What’s in a name? For flowers, plenty.

There’s the garden name, several local ones, and the long latinate moniker.

A rose is a rose is a rose....

Sorry Gertrude Stein, but it isn’t quite as simple – or as short-winded – as that.

What might be true poetically for a rose is definitely not applicable to many other plants. Most of them have at least two names. For instance, a Livingstone daisy – a dazzlingly colorful, low-lying, shy plant – is also (take a breath) a Mesembryanthemum. Its shyness is evident in the way it closes its flowers in rain or darkness. 

Add to its already lengthy title the stretchy word nodiflorum and, translated into common parlance, it is a “slenderleaf iceplant.” But wait – it’s now called Dorotheanthus bellidiformis. Or is it Cleretum bellidiforme?

Are such Latinate complications just the result of botanists extending themselves or bestowing importance on the comparatively insignificant? To be fair, the justification for botanical Latin is universality in answer to the confusing multiplicity of languages. But to a gardener, “Livingstone daisy” seems much more accessible and friendly than any of the botanical tags with which it is lumbered. Even worse, those labels sometimes change.

Look up any plant you like and you may well find a weighty nomenclature staring you in the face. And these obscurist labels are rarely as vivid as the common or garden names. I mean isn’t “snapdragon” more exciting than Antirrhinum? And what about Amaranthus caudatus? Isn’t love-lies-bleeding – even if it sounds a bit gory – more romantic? Same with love-in-a-mist, mind-your-own-business, and lily of the valley (respectively Nigella damascena, Soleirolia soleirolii, and Convallaria majalis).

All this naming is hierarchical. At the top are the scientific or botanical names. Next come the garden usage names. And at the bottom are the folk names. These last ones are often surprisingly local and frequently the most enchanting of all. Among my favorites are Jack-go-to-bed-at-noon, pudding grass, and cuckoo’s stockings.

Oh – and goosefoot. It is, or perhaps I should say “was,” so named because its leaves resemble the feet of geese. I have a book of wildflowers that grow in Britain and Europe. It was first published in 1974 so it really belongs to the Dark Ages. Goosefoot is listed in it, but not just as a single kind of wild plant. It is a whole family, and naturally this family has a complex name: Chenopodiaceae.
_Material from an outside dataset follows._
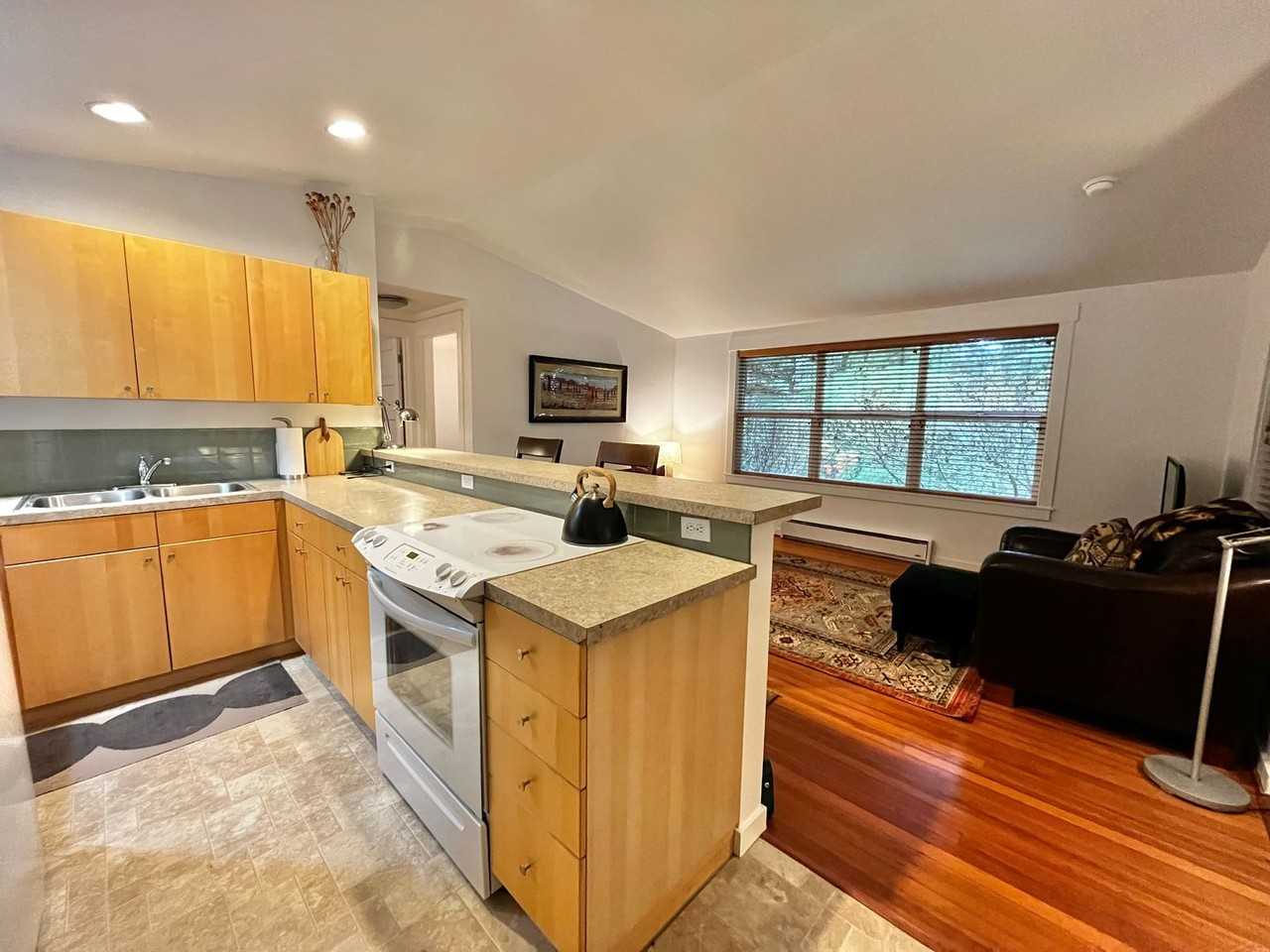 1574 Ne Park View Dr #3 - Photo 5 of 23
Some of the family members have common names worth repeating: good-King-Henry, fat hen, glasswort, shrubby sea-blite, hairy sea-blite, and prickly saltwort. Some of this “family” have now been assigned to other families, as the Encyclopaedia Britannica explains: “The taxonomy of the genus is contentious, and a number of species formerly placed in Chenopodium have been reassigned based on molecular data.” Ho-hum. One wonders if it matters whether or not goosefoot is now (alongside love-lies-bleeding) in another family (Amaranthaceae) as a kind of orphan.

Someone once told me (it may well have been Richard Adams of “Watership Down” fame) that one should be able to enjoy walking in the countryside without having to name everything one sees. On the whole I agree. “Just look at that tiny blue flower!” should be quite enough. Naming every insect, bird, and type of moss smacks of showing off. It’s like name-dropping.

Nevertheless there is a certain pleasure in naming things in nature. Sometimes this pleasure is tinged with amusement. Notice a Eurasian wren – that tiny garden bird – and its Latin name might spring to mind: It’s Troglodytes troglodytes, which is wonderfully too big for this charmingly little specimen.

But what about the fondness orchid growers have in naming names? Aren’t they overdoing it somewhat? Who can comfortably digest Chondrorhyncha, Platanthera blepharoglottis, or Pogonia ophioglossoides?

Memorable for a number of reasons is a perennial scarlet-flowering plant, a native of California. Maybe I like it because it is one of a very small number of plants the names of which begin with the letter Z. Maybe it is also the fact that it flowers late in the summer, when many plants are fading toward autumn. Maybe it’s that it has a profusion of vivid scarlet flowers. But it is more likely because hummingbirds love it, an utterly appealing symbiosis. Its common name refers to this bird-flower combination: hummingbird trumpet flower.

But my main fondness for it derives from the fact that this plant is determined to fly in the face of any fastidious, name-dropping botanist by sticking obstinately to its old-fashioned garden name. Although officially its longtime name Zauschneria californica is no longer permitted, that is what it goes on being called. 

Regardless, I say: “Long live Zauschneria californica!”